The rescue of a two-year-old Nigerian child has attracted extensive social and online media coverage across the world. Abandoned by his family after being accused of being a witch, the boy was saved by an aid worker who found him in Uyo, southeast Nigeria. The boy, known as Hope, is said to have been riddled with worms and had to have daily blood transfusions to be revived.
The unfortunate truth is that Hope is one of only a lucky few who survive the neglect, abuse, and physical and mental health insults that arise from the stigma created by child witch hunting in Nigeria.
Belief in witchcraft is central in Nigeria society – particularly in the Niger Delta region. Researchers have especially focused on my people, the Ibibio of southeastern Nigeria.

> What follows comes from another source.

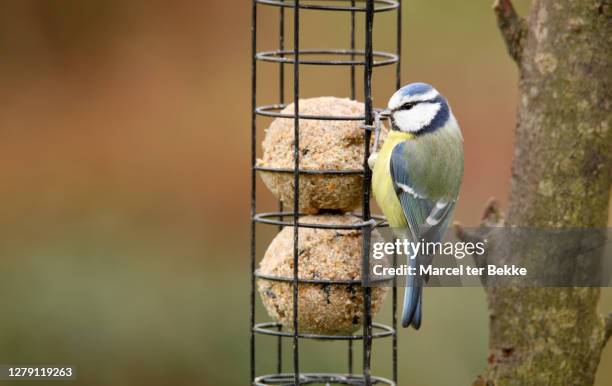 blue tit on birdfeeder - feeding stock pictures, royalty-free photos & images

Anthropological research has shown how most Ibibio believe that certain people are witches. They argue that, through various supernatural feats, these people impoverish, harm or kill their fellow human beings. Other research shows both urban and rural people in the Ibibio society are entrapped in the deep-rooted fear of witches. It is enshrined in communal consciousness.
Having spent most of my life among the Ibibio in both urban and rural settings, I can bear witness to the truth of these observations. I grew up in Uyo, the town in which Hope was rescued.
Religion and poverty play a role
Child health researchers, including psychologists, social workers and economists, believe that the stigmatisation of children as witches in Nigeria is a relatively recent phenomenon.
Some research notes the trend has become widespread since the early to mid-1990s. As a result thousands of children have been accused of being witches. Many have been tortured, or even killed.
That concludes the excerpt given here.